Onto-Translate currently supports biological categories such as genes, proteins, promoters, pathways, RNAs, OMIM, ESTs, and functional annotations. It can map between 29 different types of IDs which includes: Swiss-Prot protein ID, Swiss-Prot accession number, TrEMBL accession number, TrEMBL ID, non-redundant reference (NREF) protein ID from PIR, PIR accession ID from PIR, Gene Ontology (GO) ID, KEGG [13] pathway ID, GenBank GI ID, dbEST nucleotide accession number, Entrez Gene ID, Gene symbol, GenBank [4]'s dbEST [6] nucleotide accession number, GenPept protein accession number, RefSeq's protein, genome, mRNA accession number, UniGene cluster ID, clone IDs from UniGene, OMIM number, allelic variant from OMIM, Protein Data Bank (PDB) ID, Eukaryotic Promoter Database (EPD) accession number, EPD ID, HGNC ID, and probe IDs from commercial microarrays such as Affymetrix arrays, Agilent Technologies arrays, Amersham's CodeLink arrays, SuperArray, etc. The Onto-Translate tool is implemented in Java as a web application, fully integrated with the Onto-Tools [10, 11, 12, 14, 15, 16, 17].

4 RESULTS AND DISCUSSION

Clearly, the need for a reliable way of mapping IDs from one database to another has been felt in the past. In response to this needs, several approaches have been proposed to deal with this issue although none of them addressed the problem to its full extent. The best known resources currently able to perform a non-trivial mapping of various biological entities are: SOURCE [9] from Stanford University, MatchMiner [7] from NCI, RESOURCERER [22] from TIGR, and GeneMerge [8] from Harvard.

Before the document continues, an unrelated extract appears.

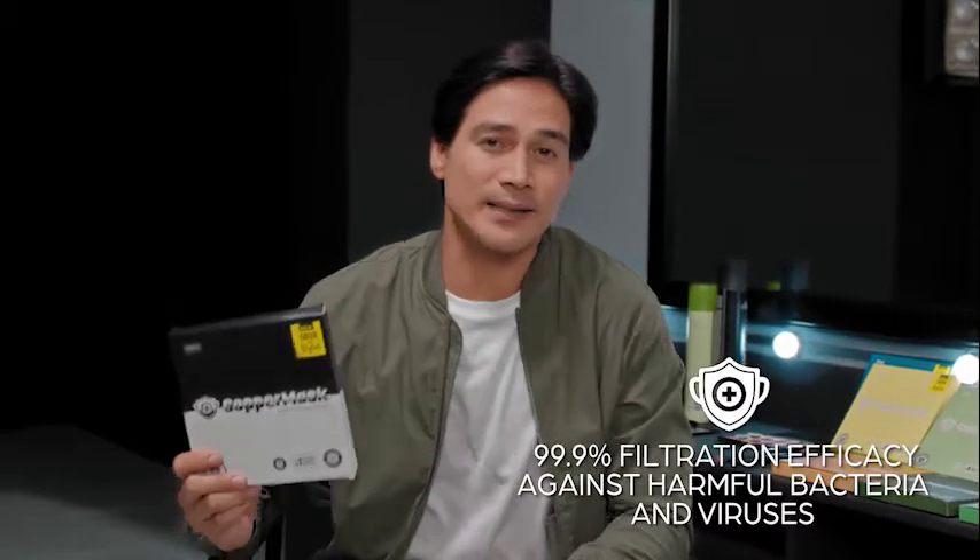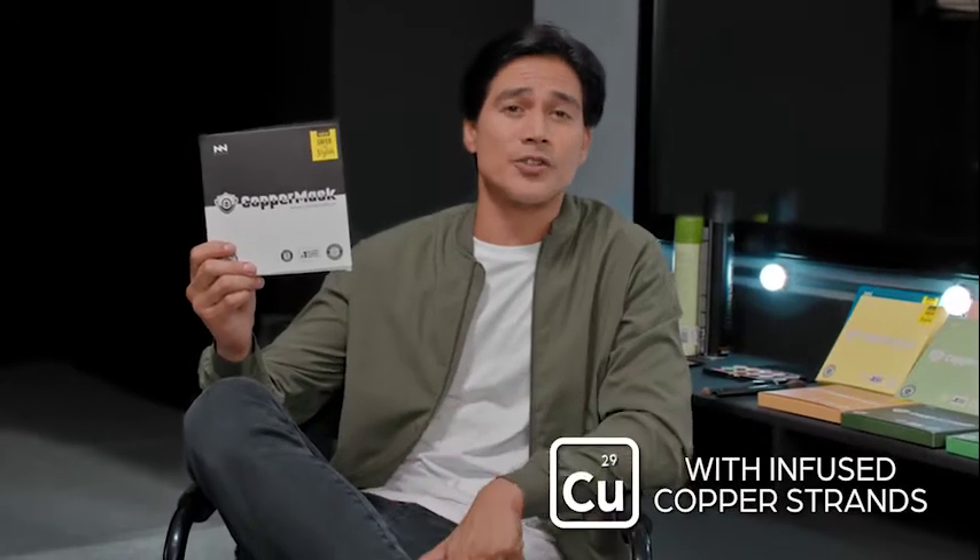With the enclosed Copper Mask, you protect not only yourself but the people around you, providing that extra level of confidence every time you step outside. It's made of copper film materials with infused copper strands that can be washed and reused daily.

We compared Onto-Translate with each of these existing resources in terms of scope, accuracy of translation, speed and scaling capabilities. We define scope as the number of different mappings between types of IDs supported by a given resource. The comparison in Table 3 shows that OT has vastly larger capabilities compared to any of the existing resources. Figure 2 shows the specific translations that can be performed by each of the resources considered. Again, the difference in scope is striking.

Table 3.

A comparison of the scopes of Onto-Translate, SOURCE, MatchMiner, GeneMerge and RESOURCERER: types of input IDs supported and number of possible translation types.

Software name	Types of input IDs	Number of translations
Onto-Translate	22	462
MatchMiner	11	137
SOURCE	6	96
GeneMerge	12	30
RESOURCERER	1	16

Open in a new tab

Fig. 2 — A comparison of the scopes of Onto-Translate, RESOURCERER, MatchMiner, SOURCE, and GeneMerge. in terms of possible mappings between various types of IDs.

Of course, the scope is irrelevant if the accuracy of the mappings performed is inadequate. In order to compare the accuracy of the existing resources, we performed a number of translations using OT, SOURCE, and MatchMiner (top 3 in terms of scope), and compared the number of input IDs correctly mapped by each resource for each data set. OT consistently mapped more correct input IDs than both SOURCE and MatchMiner. The sets of genes to be translated were taken from popular human and mouse Affymetrix arrays. The set of genes contained on the HG-U133 Plus 2.0 array was used to test the translations from gene symbols to UniGene IDs, gene symbols to Entrez Gene IDs, and Entrez Gene IDs to gene symbols. Finally, for the translations involving mouse genes, we used the set of genes contained on the MG-430A 2.0 arrays. These genes were translated from gene symbols to UniGene IDs, gene symbols to Entrez Gene IDs and Entrez Gene IDs to gene symbols. Fig. 3 shows a comparison of the accuracy of these translations. OT was the most accurate resource in all cases, with accuracies between 96% and 99%. For human data, SOURCE is second best with an accuracy hovering around 93%. MatchMiner is weaker with an accuracy of around 70%. For mouse data, MatchMiner is better than SOURCE: 94−98% for MM, compared to 81−94% for SOURCE.

Fig. 3 — A comparison of the accuracy of Onto-Translate, MatchMiner and SOURCE. The input file included 19,248 gene symbols (19,562 Entrez Gene IDs) for human, and 12,991 gene symbols (13,023 Entrez Gene IDs) for mouse, from the respective Affymetrix arrays. The graph shows the percentages of the input genes successfully translated in each case.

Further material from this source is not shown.